• INFORMATION PROVIDED:
------
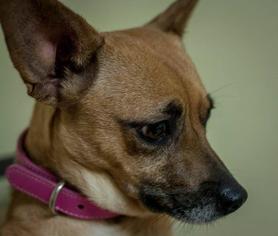 Chi-Corgi Dogs for adoption in Pierceton , IN, USA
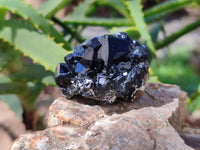 Natural Schorl Black Tourmaline Specimens x 12 From Namibia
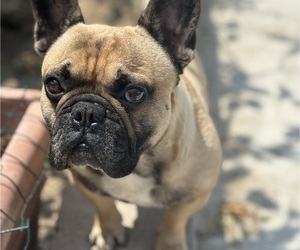 Father of the French Bulldog puppies born on 01/12/2025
------
• WHAT THE EXERCISE ASKS:
From the material above, reproduce everything verbatim except the pictures.

• RESULT FOR THIS TASK:
 Chi-Corgi Dogs for adoption in Pierceton , IN, USA
 Natural Schorl Black Tourmaline Specimens x 12 From Namibia
 Father of the French Bulldog puppies born on 01/12/2025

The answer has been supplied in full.